Eurographics Symposium on Geometry Processing 2022
Alexandre Binninger, Olga Sorkine-Hornung

Interpolating curves generated from the same control points (shown in red) using κ-curves [Yan et al. 2017], trigonometric blending [Yuksel 2020], our 3-arcs clothoids method and our clothoid-line-clothoid method. Our approach guarantees G2 continuity, has bounded local support and provides curvature monotonicity between control points of opposite curvature sign. The curvature normals are visualized with purple lines.
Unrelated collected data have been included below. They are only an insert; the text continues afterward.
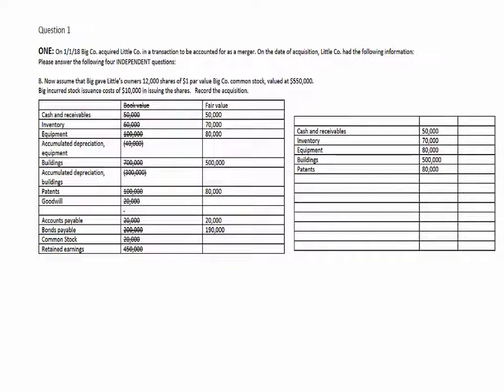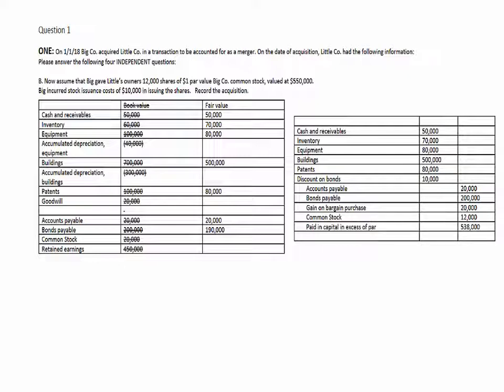So again, we're going to go and record the acquisition of all the various assets at fair value. We assume all of the liabilities at fair value, again noting the discount on bonds payable, reconciling the fair value of the bonds to their face value. We record the $20,000 gain on bargain purchase, and we record the issuance of the shares of stock — 12,000 shares at $1 par value for the common stock account, the remainder of that $538,000 as paid-in capital in excess of par.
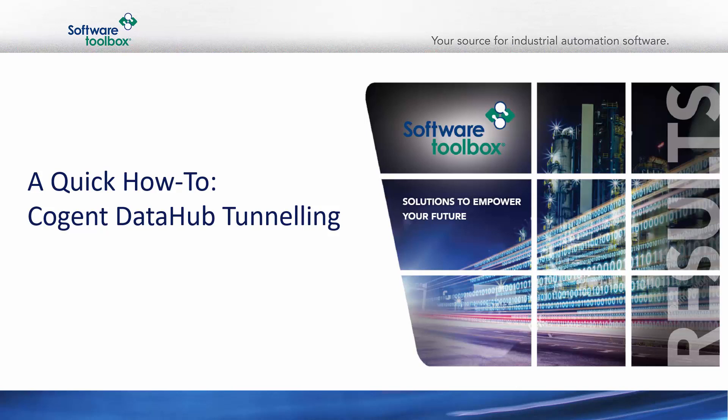In this video, I want to take a look at configuring the Cogent Data Hub Tunneler. Before we get too ahead of ourselves, let's talk a little bit about what makes up a tunnel.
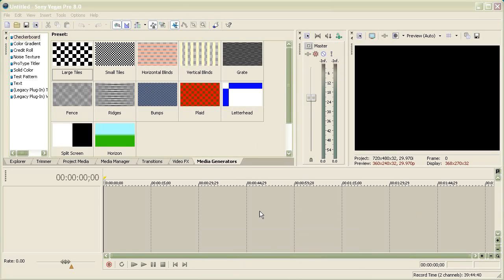Hey guys, Epidemico here today. I'll teach you how to render properly in Sony Vegas Pro 8.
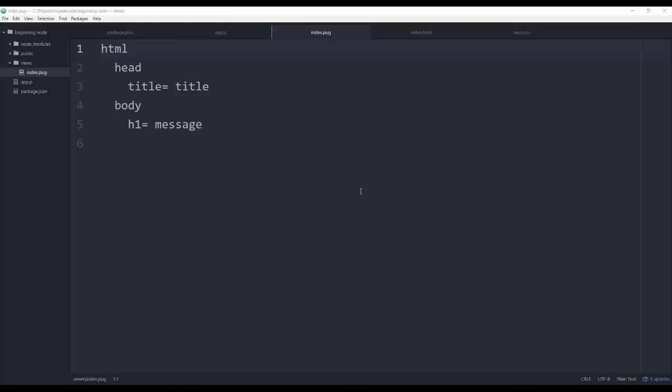Welcome to the getting started with Pug tutorial series for hipstercode.com. In case you haven't heard, the Pug template engine used for Node.js was formerly known as Jade — the project changed its name to Pug. Ultimately, it is a template engine that makes writing HTML a lot easier.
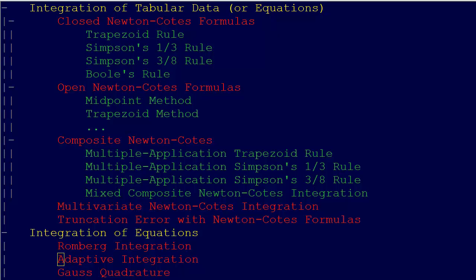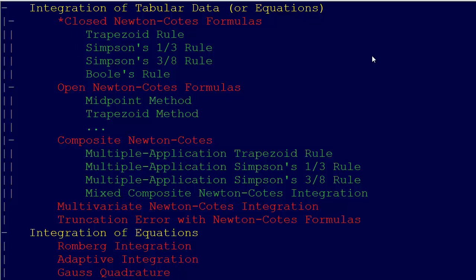By way of review, we just covered in the last unit the integration of tabular data. We talked about the Closed Newton-Coates formulas, which we focused on the most. We talked about the trapezoid rule, Simpson's one-third rule, Simpson's three-eighths rule, and Boole's rule. These are all successively higher-order polynomial approximations that we use with evenly spaced data points to come up with an integration formula.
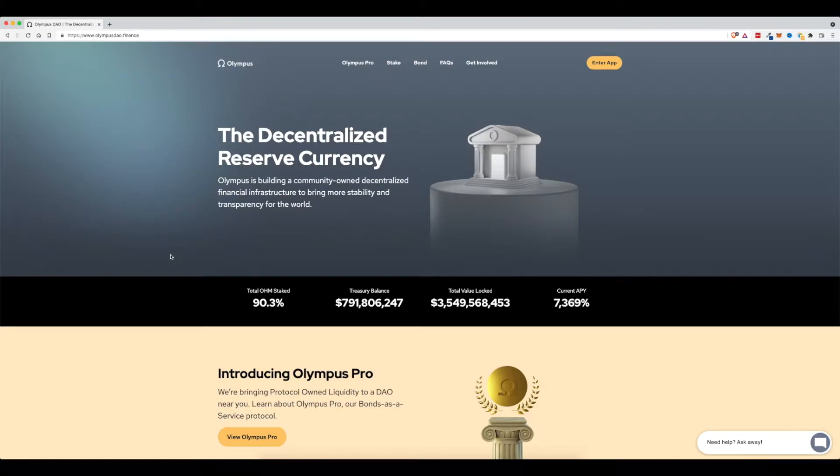Hey everybody, I'm Michael and in today's video I'm going to show you how to unstake your OHM after you've staked it on the OlympusDAO.Finance website.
We propose a method for the construction of a planar curve based on piecewise clothoids and straight lines that intuitively interpolates a given sequence of control points. Our method has several desirable properties that are not simultaneously fulfilled by previous approaches: Our interpolating curves are C2 continuous, their computation does not rely on global optimization and has local support, enabling fast evaluation for interactive modeling. Further, the sign of the curvature at control points is consistent with the control polygon; the curvature attains its extrema at control points and is monotone between consecutive control points of opposite curvature signs. In addition, we can ensure that the curve has self-intersections only when the control polygon also self-intersects between the same control points. For more fine-grained control, the user can specify the desired curvature and tangent values at certain control points, though it is not required by our method. Our local optimization can lead to discontinuity w.r.t. the locations of control points, although the problem is limited by its locality. We demonstrate the utility of our approach in generating various curves and provide a comparison with the state of the art.





We thank the reviewers for their remarks. We also thank Ilya Baran for the insightful discussions and inspiration. This work was supported in party by the European Research Council (ERC) under the European Union’s Horizon 2020 research and innovation programme (grant agreement No. 101003104, ERC CoG MYCLOTH).